Les chefs traditionnels ont un statut officiel reconnu par la Constitution tchadienne depuis l’indépendance. C’est ainsi que le ministre de l’administration du Territoire a signé, il y a quelques jours, un décret qui élève trois chefs traditionnels du Sud au rang de sultan. Ce geste qui a été interprété comme une volonté de «réparer une injustice» a été beaucoup salué, mais également, suscité une énorme polémique.

Jusqu’ici, au Tchad, les chefs traditionnels n’avaient pas le même rang protocolaire ni le même salaire. Le pouvoir avait placé au sommet de la pyramide les sultans issus de l’espace arabo-musulman. Le gouvernement de transition vient de «réparer une injustice qui durait depuis longtemps» en élevant trois chefs traditionnels du Sud: le Gong de Léré, le Wang Doré et le Mbang de Bedaya, au même rang que les sultans.
«Par le passé, il existait des sultanats, notamment dans le Ouaddaï, dans le Kanem, mais il y avait aussi le Gong de Léré qui régnait jusqu’à la frontière du Nigeria. Ils avaient des domaines plus vastes, mais ils n’avaient pas les mêmes avantages que leurs confrères du Nord appelés sultans.

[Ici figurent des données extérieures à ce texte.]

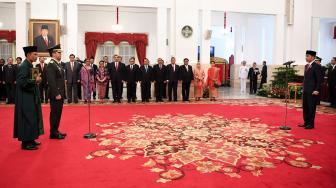 Presiden Joko Widodo (kanan) melantik pejabat baru Kepala Staf Angkatan Darat (KSAD) Letjen TNI Andika Perkasa (kiri) di Istana Merdeka, Jakarta, Kamis (22/11).  [ANTARA FOTO/Wahyu Putro ]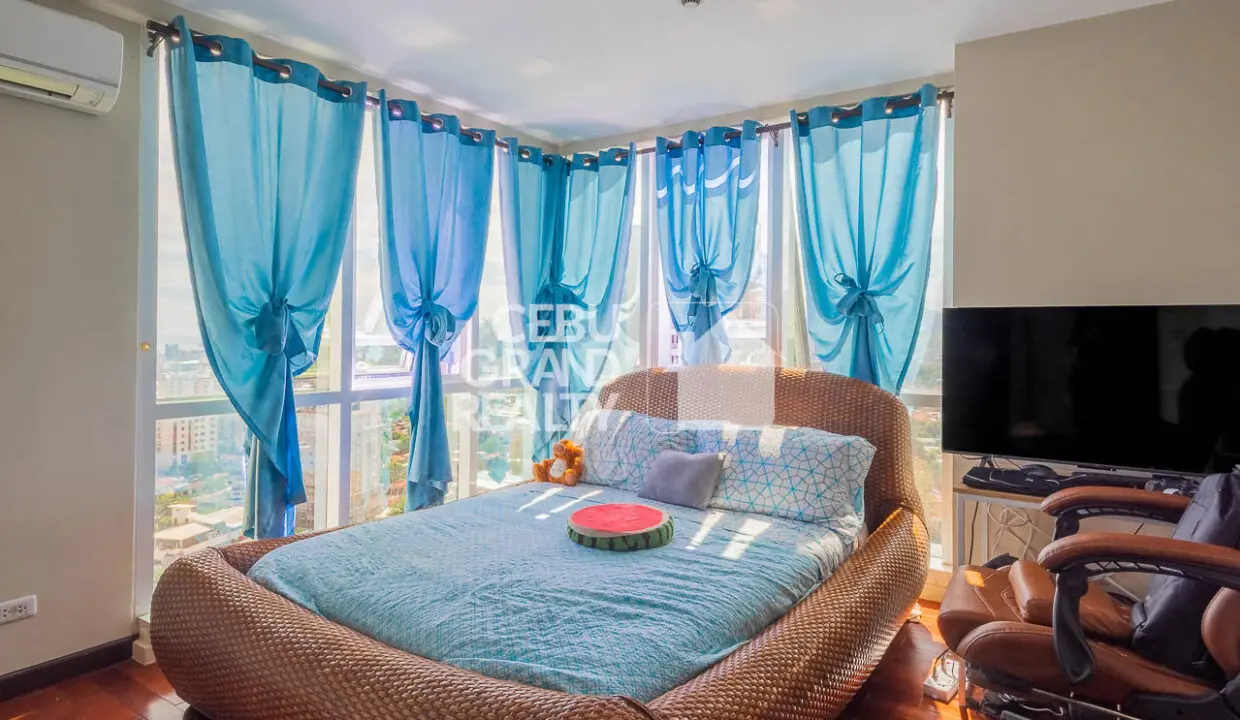 SRBPPC9 - Well-Designed Condo with Stylish Décor & Open Spaces in Cebu - Cebu Grand Realty (13)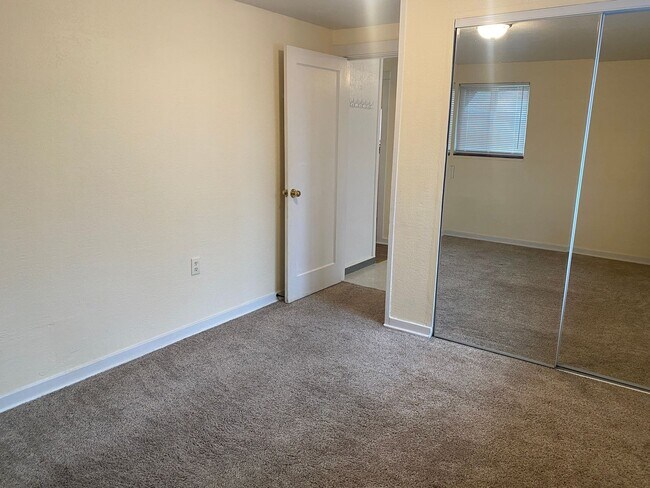 Building Photo - 523- 525  Markeson St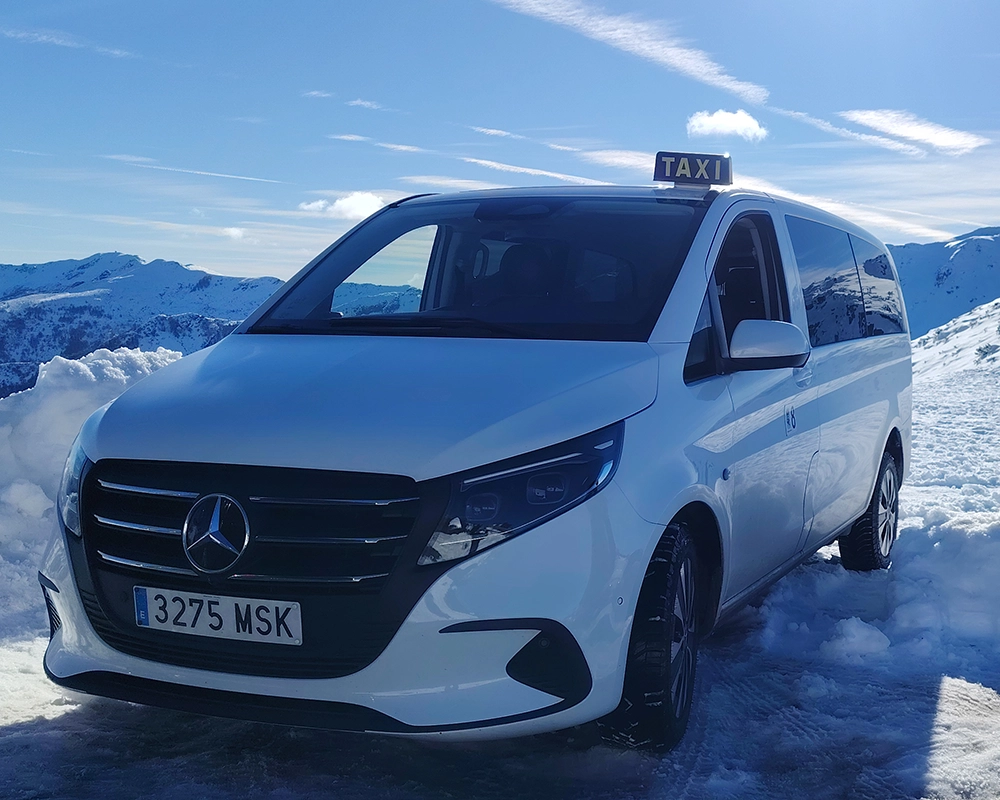Bierzo taxi aparcado en una zona de nieve.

Aujourd’hui, par ce décret, ces trois chefs traditionnels et coutumiers, qui sont aussi des chefs spirituels au Sud, vont bénéficier de ces avantages. En soi, c’est une très bonne chose. Ils ont réparé une situation qui était conflictuelle, une discrimination», analyse le politologue Ngarlem Toldé.
Cependant, les manifestations de joie se sont vite doublées d’une vive polémique suscitée par les termes utilisés dans le décret ministériel qui parle d’élever ces chefs traditionnels «au rang de sultan», des mots qui ont tout de suite enflammé certains, car beaucoup dénoncent une volonté d’islamiser le Sud animiste et chrétien ou encore une forme de dédain.
Un haut cadre de la Primature a tenté de calmer les esprits en regrettant «une formulation maladroite», avant de corriger que «le ministre voulait dire qu’ils sont élevés au même rang que les sultans», et en appelant à «se focaliser plutôt sur ce premier pas vers plus d’égalité et de justice au Tchad».